Temps de lecture: 7 minutes

Je m’appelle Antoine*, j’ai 17 ans et je suis bisexuel. Je ne sais pas depuis quand je le suis, mais il y a environ un an et demi que j’ai commencé à accepter qui je suis. Petit j’ai vite compris ce qu’était l’homosexualité, je n’ai connu que plus tard la bisexualité, et cela me paraissait très loin de moi. Lors d’un voyage au ski avec le collège lorsque j’avais 12 ans un garçon qui avait une copine disait qu’il était bisexuel, un peu en rigolant, et je n’ai pas su identifier s’il était sérieux ou non. Il m’a ensuite fait des avances, toujours en rigolant légèrement, et là non plus je n’ai pas su s’il était sérieux. J’ai beaucoup réfléchi là-dessus, à l’époque je me suis dit que j’aimais les filles, et j’ai pensé que si je sortais avec un garçon les autres personnes pourraient se moquer de moi ou m’insulter, et je pensais avoir trouvé-là la conclusion sur moi-même. Pendant trois ans j’ai eu quelques relations avec différentes filles, je ne m’imaginais pas sortir avec un garçon, puisqu’un garçon c’est comme moi. Je suis le genre de gars à m’attacher rapidement aux personnes, et jusque là je ne m’étais attaché qu’à des filles.

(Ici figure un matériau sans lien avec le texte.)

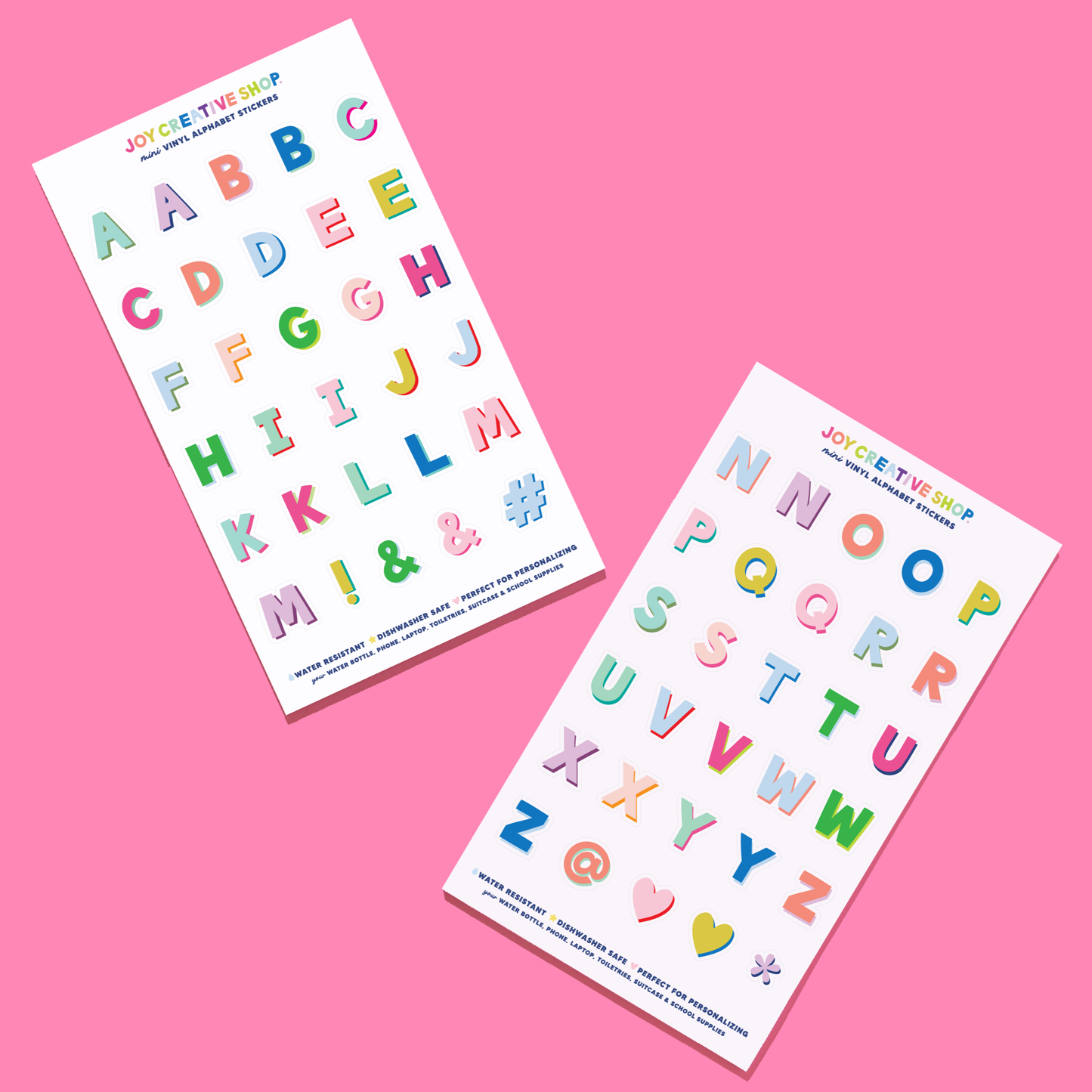 Two sheets of colorful alphabet stickers on a pink background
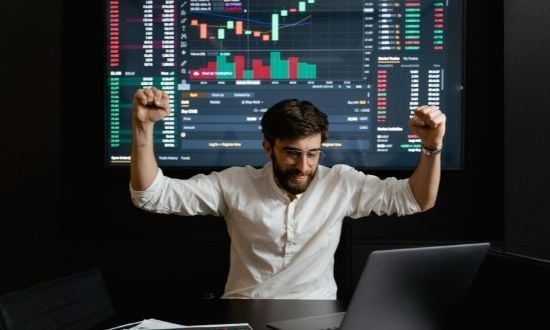 Uomo festeggia successo trading davanti a grafici finanziari.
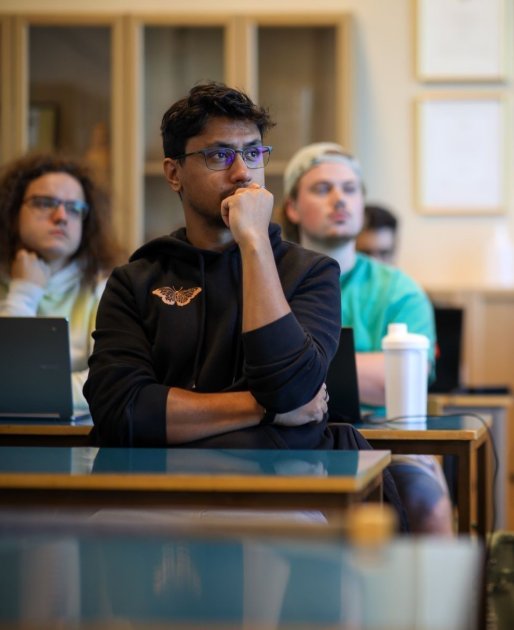 Male student sitting at a desk in one of MFs classrooms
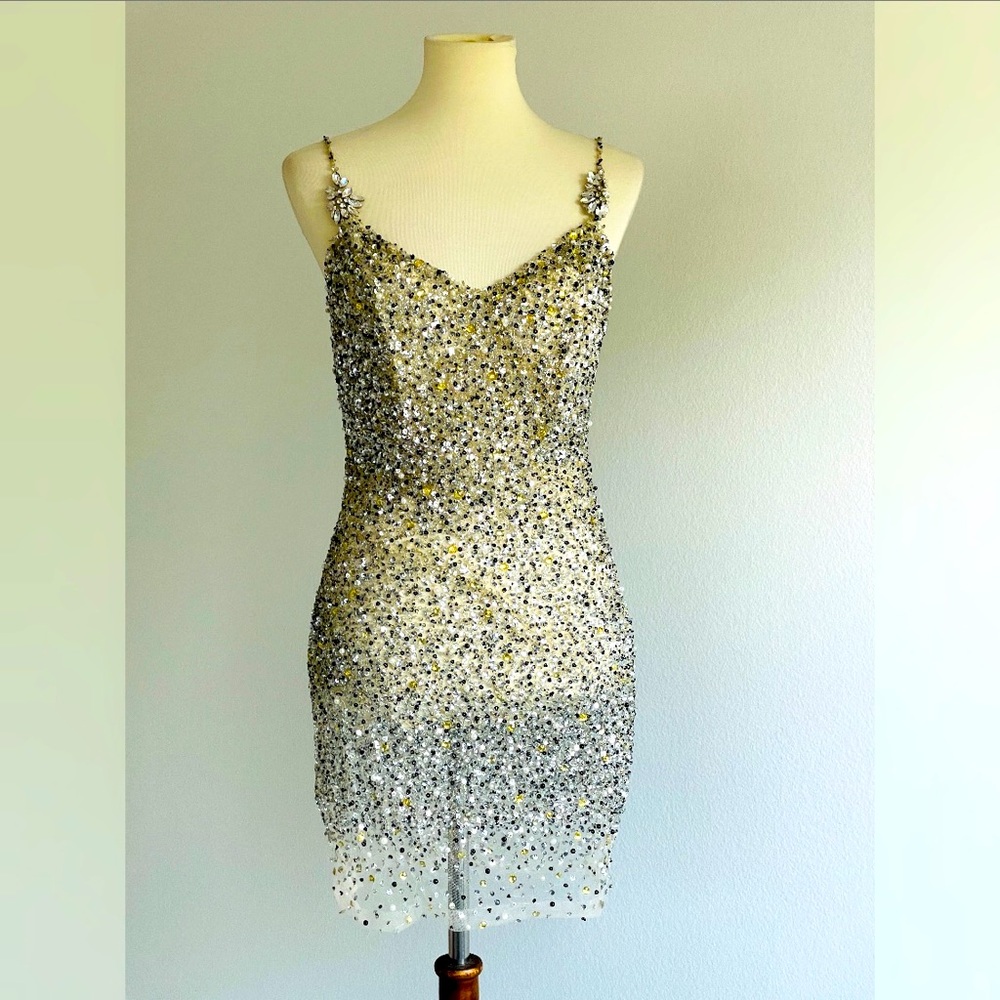Musani couture silver sequins mini dress. Size 8. NWT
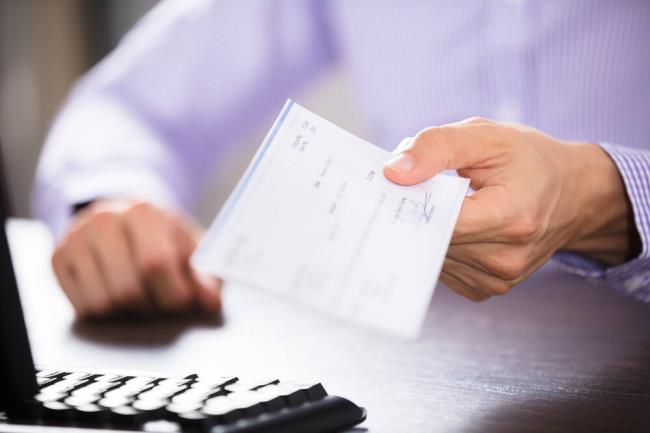 Close-up Of A Businessperson's Hand Holding paycheck In Office (Andrey_Popov / Shutterstock)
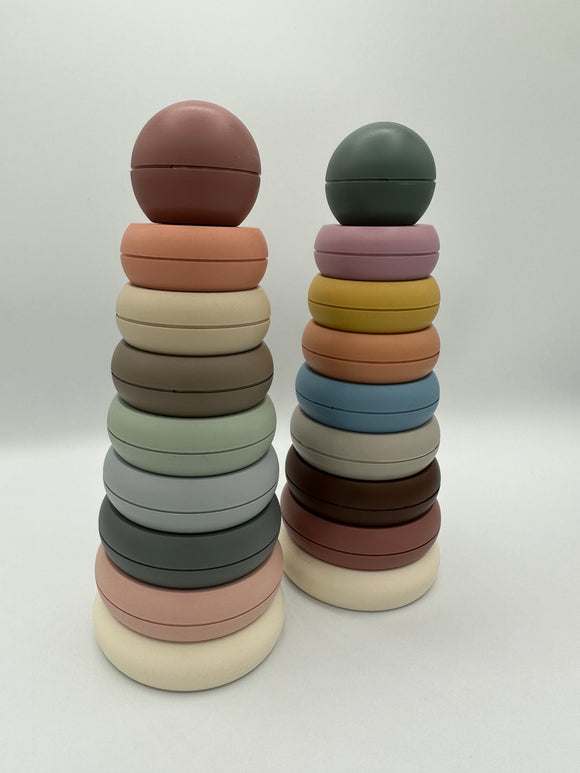The original (left) and rustic (right) Mushie Stacking Rings. Each tower contains 8 rings of descending sizes going up and a ball on top. The original tower (from bottom to top) has a white, light pink, sage green, light blue, mint green, taupe, cream, and peach ring with a dusty blush pink ball on top. The rustic tower (from bottom to top) has  a white, dusty pink, brown, light grey, light blue, light orange, yellow, and light pink ring with a sage green ball on top.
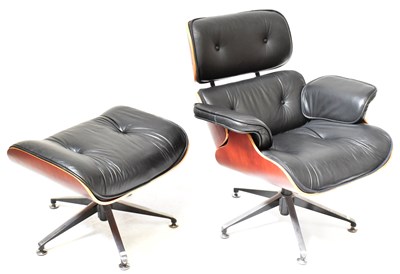 Lot 1 - AFTER CHARLES & RAY EAMES; a lounge chair and...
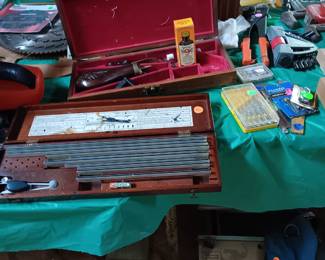 Civil War pistol kit. LeRoy Lettering Set, boxed antique drill bits, table top bench.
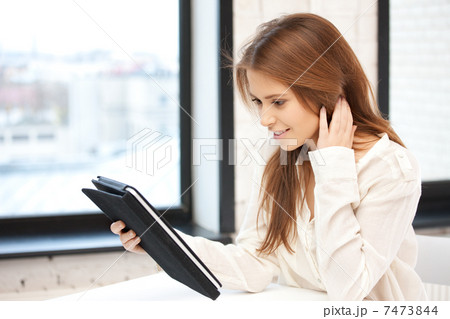 happy woman with tablet pc computer 7473844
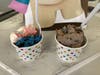 Cups of Swamp, Cookie Monster and Strawberry Cheesecake flavors of ice cream at Sweet Ashley's in Norwalk on March 29, 2023.
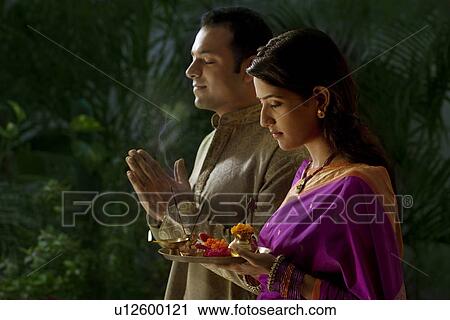 Stock Image - Couple praying during diwali . Fotosearch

Lors de mon année en seconde je me souviens avoir parlé avec une fille et lui avoir dit que je trouvais beau un chanteur, sachant que j’avais voulu sortir avec une de ses amies elle m’a demandé si j’étais bisexuel, je ne m’attendais pas à cette question et j’ai tout de suite répondu que non, que ce n’est pas parce que je trouvais un homme beau que j’étais bisexuel, je ne voulais pas que quelqu’un pense cela de moi, et je ne pensais pas cela de moi non plus. Ma vie se déroulait plutôt bien et sans encombre, j’avais un bon groupe d’amis et je n’imaginais pas une seconde ce qu’il allait m’arriver : je suis tombé amoureux d’un de mes amis. Je l’ai rencontré à 15 ans au lycée et nous sommes rapidement devenus amis, puis je l’ai considéré comme mon meilleur ami du lycée, l’amitié s’est déclinée en admiration, je voulais lui ressembler, du moins c’est ce que je croyais pendant un moment, mais j’ai ensuite réalisé que je l’aimais. J’ai gardé ça pour moi et j’ai tout fait pour ne pas le lui montrer ni que quiconque puisse remarquer ce que je ressentais pour lui. J’ai réussi mon coup, personne n’a rien remarqué et aujourd’hui encore personne n’est au courant de cela. C’est à partir de ce moment-là que les questions se sont enchaînées, je ne savais plus qui j’étais ni qui je voulais être, j’ai essayé de renier mes sentiments pour lui mais je n’ai pas réussi, j’ai passé des semaines très désagréables, je le voyais tous les jours, je lui parlais mais je ne pouvais pas lui avouer mes sentiments, et je n’avais personne pour en parler, je ne voulais pas que quelqu’un sache cela, je pensais que tout allait redevenir normal et que j’allais me trouver une copine. Je me suis détesté et dégoûté d’être comme cela, je n’étais plus heureux, je ne savais pas ce que je devais faire, et j’ai essayé en vain de me persuader que j’aimais les filles et uniquement les filles. Cette période a duré environ six mois. Ensuite, je ne sais pas quel a été le déclic mais j’ai commencé à m’accepter, je me doutais que je n’étais pas le seul dans ce cas là, et je me suis dit que j’étais bisexuel et que c’était comme ça, je ne pouvais rien y faire. J’avais à peine 16 ans à ce moment-là.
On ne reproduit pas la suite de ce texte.